Geocoding – What it means and how it works in Risk Meter

Geocoding is the first step in almost all spatial analysis. Through this process an address is supplied and a Longitude and Latitude, also referred to as an X and Y, is generated for the address. There are many levels of accuracy associated with Geocoding and in this document we will refer to geocoding accuracy as Georesults.

Geocoding is dependent on addresses (junk in = junk out)

Interactive (One at a time)

There are a number of ways single addresses are sent to Risk Meter. Companies may submit using our Risk Meter On-Line product, they may pass addresses to Risk Meter through their own applications, or Risk Meter may get passed info directly from an agent or through a companies Point of Sale system. The reason that this is important is because a geocoder is always trying to produce the best possible candidate. The geocoder has a number of ways to match addresses based on input, however, that can work as a positive but may also have negative implications.

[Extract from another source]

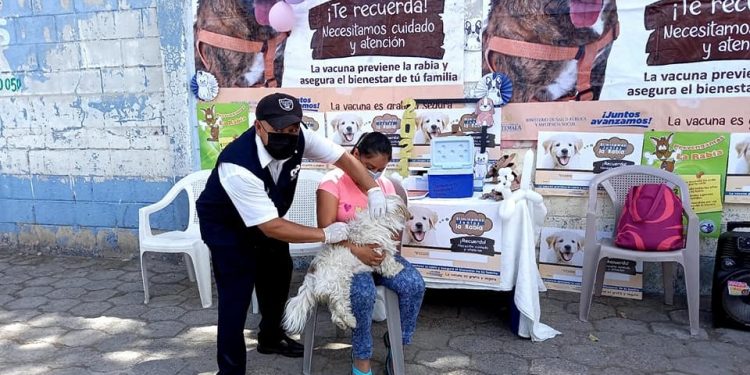 Arranca jornada de vacunación antirrábica en Jalapa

What this means in simple terms is as follows: A user types in the following address.

111 S Maine St, Anytown, NY12345

The geocoder might find an excellent match for 111 Main St, Anytown, NY12347. The question then becomes is the user talking about the same location.

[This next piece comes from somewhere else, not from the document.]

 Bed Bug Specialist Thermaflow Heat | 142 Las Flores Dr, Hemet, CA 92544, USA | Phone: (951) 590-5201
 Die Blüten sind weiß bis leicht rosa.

The geocoder is constantly trying to fix misspellings, missed prefixes, suffix’s, town names and zip codes. To further these corrections phonetics may be used at times. Many times people are under the assumption that an S5 automatically means a perfect candidate, however, due to the input, the address in question may have been significantly altered during this matching process and as a result, the candidate may not be the same location as the original input intended it to be.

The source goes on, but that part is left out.